Mugabe Meets African Leaders

  • Share
  • Read Later
Remy Gabalda / AP; Alexander Joe / AFP / Getty

Robert Mugabe, left and Morgan Tsvangirai

On Saturday, two weeks to the day after they faced off in Zimbabwe's general election, President Robert Mugabe and opposition leader Morgan Tsvangirai will confront each other once more at an emergency meeting of regional heads of government in Zambia.

Zambian President Levy Mwanawasa called a conference of the 14-nation Southern African Development Community (SADC) in the Zambian capital Lusaka to discuss the delay in the release of results in Zimbabwe's presidential race. Though Tsvangirai's Movement for Democratic Change (MDC) won a parliamentary majority in the March 29 vote, the Zimbabwe Election Commission (ZEC) has not released the official result in the presidential race. An independent survey places Tsvangirai well ahead in the vote, and the MDC itself claims an outright victory after 28 years of Mugabe's rule.

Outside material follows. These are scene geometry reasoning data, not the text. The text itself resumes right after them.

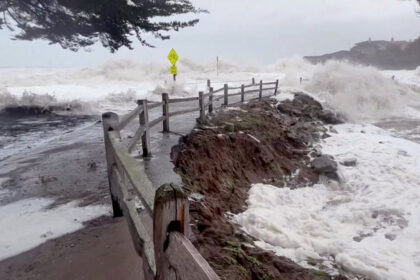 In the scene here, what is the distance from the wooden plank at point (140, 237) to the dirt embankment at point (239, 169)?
1112 millimetres

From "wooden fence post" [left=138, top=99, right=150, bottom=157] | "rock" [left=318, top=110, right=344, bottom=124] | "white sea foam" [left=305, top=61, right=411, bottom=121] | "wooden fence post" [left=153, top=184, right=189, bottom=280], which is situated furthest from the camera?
"white sea foam" [left=305, top=61, right=411, bottom=121]

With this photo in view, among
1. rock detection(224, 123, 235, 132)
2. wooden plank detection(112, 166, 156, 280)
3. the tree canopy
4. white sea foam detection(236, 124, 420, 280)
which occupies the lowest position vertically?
white sea foam detection(236, 124, 420, 280)

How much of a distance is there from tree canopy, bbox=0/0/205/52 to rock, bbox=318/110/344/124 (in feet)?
38.4

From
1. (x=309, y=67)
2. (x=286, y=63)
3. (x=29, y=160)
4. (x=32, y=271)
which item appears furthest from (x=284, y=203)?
(x=286, y=63)

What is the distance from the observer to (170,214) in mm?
1518

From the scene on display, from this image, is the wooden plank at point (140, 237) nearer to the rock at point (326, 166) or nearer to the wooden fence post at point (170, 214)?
the wooden fence post at point (170, 214)

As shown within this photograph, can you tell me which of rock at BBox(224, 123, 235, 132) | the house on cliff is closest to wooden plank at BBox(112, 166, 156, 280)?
rock at BBox(224, 123, 235, 132)

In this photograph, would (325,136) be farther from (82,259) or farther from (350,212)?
(82,259)

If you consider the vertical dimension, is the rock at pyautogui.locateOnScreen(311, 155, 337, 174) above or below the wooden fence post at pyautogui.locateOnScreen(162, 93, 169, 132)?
below

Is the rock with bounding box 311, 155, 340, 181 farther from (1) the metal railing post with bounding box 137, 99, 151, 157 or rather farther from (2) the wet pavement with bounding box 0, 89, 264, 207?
(1) the metal railing post with bounding box 137, 99, 151, 157

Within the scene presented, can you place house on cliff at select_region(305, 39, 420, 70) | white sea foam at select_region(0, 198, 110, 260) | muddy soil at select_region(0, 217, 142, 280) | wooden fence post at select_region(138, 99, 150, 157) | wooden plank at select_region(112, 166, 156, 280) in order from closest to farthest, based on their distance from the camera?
wooden plank at select_region(112, 166, 156, 280) → muddy soil at select_region(0, 217, 142, 280) → white sea foam at select_region(0, 198, 110, 260) → wooden fence post at select_region(138, 99, 150, 157) → house on cliff at select_region(305, 39, 420, 70)

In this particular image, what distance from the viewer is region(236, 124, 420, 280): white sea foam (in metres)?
5.37

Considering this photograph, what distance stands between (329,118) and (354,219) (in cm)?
1188

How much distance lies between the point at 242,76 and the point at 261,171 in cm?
3697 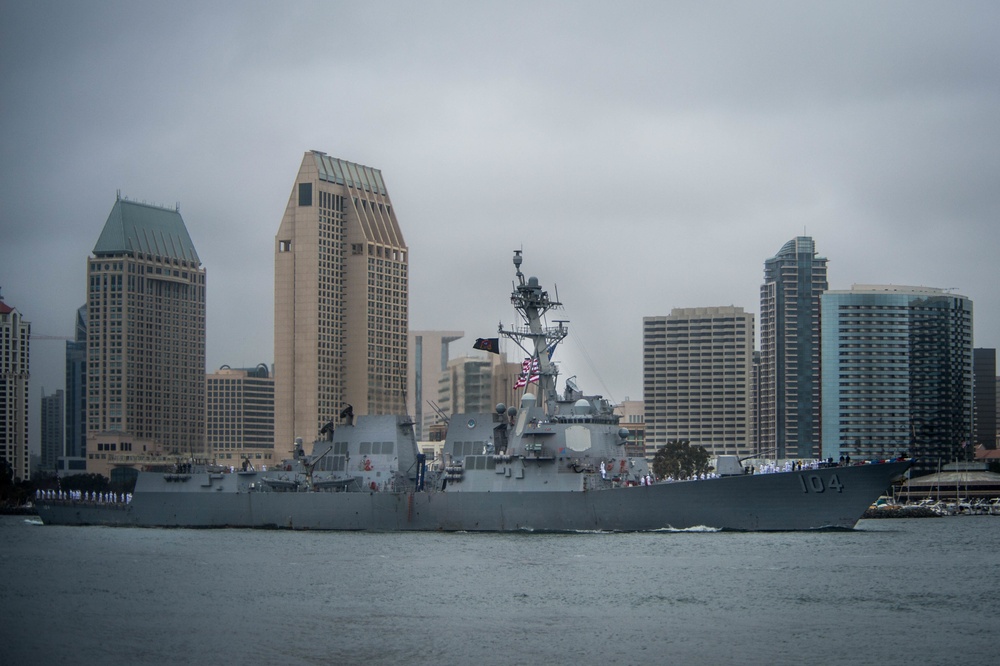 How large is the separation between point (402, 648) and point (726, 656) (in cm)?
651

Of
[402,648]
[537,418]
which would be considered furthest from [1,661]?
[537,418]

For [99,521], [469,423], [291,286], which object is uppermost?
[291,286]

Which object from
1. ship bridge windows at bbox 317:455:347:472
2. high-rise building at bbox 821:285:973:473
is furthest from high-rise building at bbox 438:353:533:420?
high-rise building at bbox 821:285:973:473

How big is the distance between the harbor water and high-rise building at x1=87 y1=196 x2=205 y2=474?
49.9 m

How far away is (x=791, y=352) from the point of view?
128 m

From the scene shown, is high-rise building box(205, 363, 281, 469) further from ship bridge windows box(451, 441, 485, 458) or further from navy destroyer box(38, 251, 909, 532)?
ship bridge windows box(451, 441, 485, 458)

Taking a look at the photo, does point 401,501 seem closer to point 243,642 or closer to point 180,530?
point 180,530

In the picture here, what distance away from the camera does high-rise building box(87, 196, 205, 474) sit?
9756cm

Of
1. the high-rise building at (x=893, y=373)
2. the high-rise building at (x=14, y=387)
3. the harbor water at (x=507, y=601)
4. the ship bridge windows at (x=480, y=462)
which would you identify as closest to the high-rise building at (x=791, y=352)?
the high-rise building at (x=893, y=373)

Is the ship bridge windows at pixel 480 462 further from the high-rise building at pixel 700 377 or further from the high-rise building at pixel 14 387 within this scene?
the high-rise building at pixel 700 377

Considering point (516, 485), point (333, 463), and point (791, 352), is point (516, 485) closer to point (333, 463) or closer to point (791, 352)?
point (333, 463)

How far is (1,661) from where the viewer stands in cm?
2533

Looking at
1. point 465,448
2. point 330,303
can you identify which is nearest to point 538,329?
point 465,448

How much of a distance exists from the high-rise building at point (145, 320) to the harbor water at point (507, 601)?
4994cm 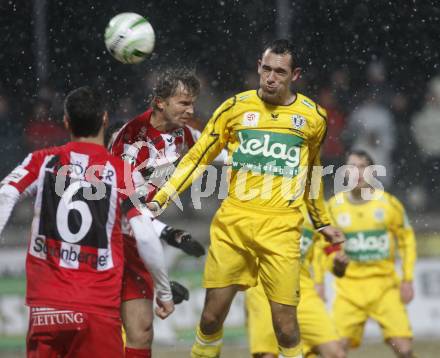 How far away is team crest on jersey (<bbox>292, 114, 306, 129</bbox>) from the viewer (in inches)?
245

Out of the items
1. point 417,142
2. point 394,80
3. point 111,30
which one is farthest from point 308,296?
point 394,80

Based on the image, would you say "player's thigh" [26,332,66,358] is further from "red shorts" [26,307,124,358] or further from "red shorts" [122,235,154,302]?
"red shorts" [122,235,154,302]

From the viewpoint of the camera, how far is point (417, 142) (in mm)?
12586

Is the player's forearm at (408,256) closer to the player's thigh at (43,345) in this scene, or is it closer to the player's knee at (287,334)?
the player's knee at (287,334)

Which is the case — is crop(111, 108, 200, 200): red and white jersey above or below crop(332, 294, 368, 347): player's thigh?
above

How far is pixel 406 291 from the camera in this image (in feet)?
28.7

The delay is widely seen as a stalling tactic by Mugabe's Zanu-PF regime to give its "shock troops," government-allied mobs known as the "war veterans," to fan out across the country, seize land and intimidate voters in the event of an eventual presidential run-off. Tsvangirai told TIME this week that what was happening in Zimbabwe was a "de facto military coup." Government spokesman Bright Matonga has countered — with no evidence to support his claims, however — that the veterans are trying to resist a program of land seizures by white farmers crossing into Zimbabwe from South Africa.

Mugabe's Zanu-PF have demanded a recount even though the official result hasn't been released. Meanwhile, an opposition attempt to force the High Court to order the release of the results has so far served only to give the commission further grounds for delay. "The question of the results of the presidential election is now the subject of legal proceedings in the High Court," the ZEC said in a statement cited by the state-run Herald newspaper Friday. "Pending determination by that court, and in line with established rules of court, norms and procedures, the commission is unable to comment on this subject."

In the past, Mugabe has found support and empathy from neighboring states in the SADC. Many southern African leaders, such as South African President Thabo Mbeki, are his peers in the African liberation movement. Others, such as Angolan President Jose Eduardo dos Santos, have ruled just as undemocratically, and for just as long. In interview, Tsvangirai told TIME that his talks with SADC leaders had suggested Mugabe's support was evaporating. "Everyone realizes he is a cheat," he said.

Nevertheless, no SADC leader has yet joined the worldwide chorus of condemnation of Mugabe nor echoed accusations that he is attempting to steal the vote. There is little expectation that the organization will reverse its stand on Mugabe this time around, not least because SADC often bridles at any kind of outside intervention; and Mugabe blames sanctions and persistent imperial ambitions of white foreigners for his country's economic woes. Certainly someone has a lot to answer for: the former British colony now has a six-figure annual inflation rate, unemployment is 80%, and average life expectancy stands at 37 years.